Stable oxygen and hydrogen isotopic compositions (δ¹⁸O and δD, respectively) of precipitation are usually measured/ presented as values averaged over rain events or monthly mean values. Such data, especially from tropical stations, seldom throw light on post-condensation processes, viz., isotopic equilibration of rain with water vapour at the cloud base, and evaporation during atmospheric transit, known to affect the isotopic compositions of precipitation and moisture recycling in the atmosphere. Further, the slope ~8 of the linear relationship between such time-averaged values of δD and δ¹⁸O (called the Meteoric Water Line, MWL) is widely accepted as proof of equilibrium condensation with little post-condensational alteration. Here, through a simultaneous investigation of isotopic and drop size distributions of seventeen rain events on an intra-event scale at Gadanki (13.5ºN, 79.2ºE), southern India, we show that post-condensation effects, not evident in the time-averaged data, are significantly manifested in sub-samples of individual rain events. We reveal this through (i) slopes significantly less than 8 for the δD - δ¹⁸O relation; (ii) significant correlations between deuterium excess (d-excess = dD – 8*δ¹⁸O; lower values in rain indicate evaporation) and the mass-weighted average diameter of raindrops (D_m): positive when raindrops evaporate and negative when they isotopically equilibrate with vapor at cloud base.
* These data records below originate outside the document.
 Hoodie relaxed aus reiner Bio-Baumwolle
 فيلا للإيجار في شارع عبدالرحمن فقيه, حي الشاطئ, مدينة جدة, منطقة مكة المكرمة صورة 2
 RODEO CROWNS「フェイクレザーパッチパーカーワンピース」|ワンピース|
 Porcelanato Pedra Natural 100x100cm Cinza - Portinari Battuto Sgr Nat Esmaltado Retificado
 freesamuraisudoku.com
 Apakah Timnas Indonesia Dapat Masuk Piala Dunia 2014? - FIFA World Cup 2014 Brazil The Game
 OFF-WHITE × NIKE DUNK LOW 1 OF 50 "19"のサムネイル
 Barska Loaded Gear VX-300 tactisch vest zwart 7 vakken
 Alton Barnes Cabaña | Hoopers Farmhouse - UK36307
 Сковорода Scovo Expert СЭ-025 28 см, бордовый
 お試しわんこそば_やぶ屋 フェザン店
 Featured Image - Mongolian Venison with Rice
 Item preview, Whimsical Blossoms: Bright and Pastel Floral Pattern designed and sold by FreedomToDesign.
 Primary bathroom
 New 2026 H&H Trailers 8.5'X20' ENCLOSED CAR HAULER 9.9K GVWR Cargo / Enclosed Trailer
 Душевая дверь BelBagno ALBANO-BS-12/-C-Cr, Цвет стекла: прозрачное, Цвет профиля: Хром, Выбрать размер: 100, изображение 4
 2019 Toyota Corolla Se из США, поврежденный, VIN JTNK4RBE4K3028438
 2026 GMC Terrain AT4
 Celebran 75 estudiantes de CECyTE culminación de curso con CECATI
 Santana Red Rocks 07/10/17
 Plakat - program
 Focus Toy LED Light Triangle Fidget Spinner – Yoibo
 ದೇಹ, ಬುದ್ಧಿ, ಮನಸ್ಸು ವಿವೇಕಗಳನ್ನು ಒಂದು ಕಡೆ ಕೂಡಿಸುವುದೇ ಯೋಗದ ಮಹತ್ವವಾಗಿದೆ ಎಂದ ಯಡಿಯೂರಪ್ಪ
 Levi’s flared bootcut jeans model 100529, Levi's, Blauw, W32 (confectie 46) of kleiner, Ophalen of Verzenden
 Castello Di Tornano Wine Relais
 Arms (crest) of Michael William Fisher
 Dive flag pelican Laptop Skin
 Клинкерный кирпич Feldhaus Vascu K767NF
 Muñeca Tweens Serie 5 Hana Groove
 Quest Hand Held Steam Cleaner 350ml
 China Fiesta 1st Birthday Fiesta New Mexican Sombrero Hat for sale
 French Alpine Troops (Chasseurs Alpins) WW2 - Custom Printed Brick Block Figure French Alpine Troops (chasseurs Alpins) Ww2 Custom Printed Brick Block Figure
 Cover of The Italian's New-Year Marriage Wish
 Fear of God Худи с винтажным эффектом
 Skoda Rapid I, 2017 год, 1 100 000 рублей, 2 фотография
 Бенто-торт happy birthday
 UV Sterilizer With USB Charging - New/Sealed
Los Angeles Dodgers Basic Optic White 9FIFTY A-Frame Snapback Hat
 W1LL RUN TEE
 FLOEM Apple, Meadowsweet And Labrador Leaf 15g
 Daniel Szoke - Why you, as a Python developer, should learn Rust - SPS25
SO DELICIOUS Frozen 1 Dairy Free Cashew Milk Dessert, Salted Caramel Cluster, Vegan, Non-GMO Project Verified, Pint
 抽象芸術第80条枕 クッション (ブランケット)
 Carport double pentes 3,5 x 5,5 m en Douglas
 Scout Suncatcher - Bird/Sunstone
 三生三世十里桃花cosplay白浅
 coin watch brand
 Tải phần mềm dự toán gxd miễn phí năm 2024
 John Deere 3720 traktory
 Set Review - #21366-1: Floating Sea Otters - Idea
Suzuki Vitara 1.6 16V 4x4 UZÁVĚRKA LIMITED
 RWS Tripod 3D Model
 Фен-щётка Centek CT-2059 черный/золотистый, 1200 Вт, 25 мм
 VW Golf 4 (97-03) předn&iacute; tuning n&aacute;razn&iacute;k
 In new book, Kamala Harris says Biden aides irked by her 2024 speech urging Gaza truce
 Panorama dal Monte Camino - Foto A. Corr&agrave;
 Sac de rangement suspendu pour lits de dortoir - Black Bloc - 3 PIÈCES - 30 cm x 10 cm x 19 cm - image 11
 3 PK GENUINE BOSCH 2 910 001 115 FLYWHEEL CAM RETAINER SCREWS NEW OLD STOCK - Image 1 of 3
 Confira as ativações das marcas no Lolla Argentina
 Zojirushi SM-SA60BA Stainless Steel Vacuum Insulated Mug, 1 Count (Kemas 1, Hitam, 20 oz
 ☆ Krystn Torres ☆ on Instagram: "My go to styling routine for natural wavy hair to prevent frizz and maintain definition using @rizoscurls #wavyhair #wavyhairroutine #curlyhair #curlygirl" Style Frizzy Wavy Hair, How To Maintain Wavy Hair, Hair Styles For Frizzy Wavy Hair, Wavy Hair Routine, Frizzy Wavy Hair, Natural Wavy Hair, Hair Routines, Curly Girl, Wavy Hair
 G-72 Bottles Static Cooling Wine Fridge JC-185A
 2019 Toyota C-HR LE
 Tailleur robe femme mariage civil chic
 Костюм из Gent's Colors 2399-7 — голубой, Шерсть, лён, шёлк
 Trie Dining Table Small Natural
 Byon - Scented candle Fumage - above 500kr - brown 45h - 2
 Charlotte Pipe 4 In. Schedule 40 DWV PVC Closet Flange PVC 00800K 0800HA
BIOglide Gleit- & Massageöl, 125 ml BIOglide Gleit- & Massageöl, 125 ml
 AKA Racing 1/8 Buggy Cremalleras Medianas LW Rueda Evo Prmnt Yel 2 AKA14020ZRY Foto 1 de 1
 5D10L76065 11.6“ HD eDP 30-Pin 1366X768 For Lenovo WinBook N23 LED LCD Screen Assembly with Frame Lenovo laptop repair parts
We demonstrate that post-condensation processes, in addition to environmental conditions at source, could affect the d-excess of rain. An estimated ~65% of rain is influenced by the post-condensation processes at the cloud base, of which ~44% is affected by evaporation. Isotope-enabled global circulation models could be improved by incorporating intra-event isotopic data and raindrop size dependent post-condensation processes.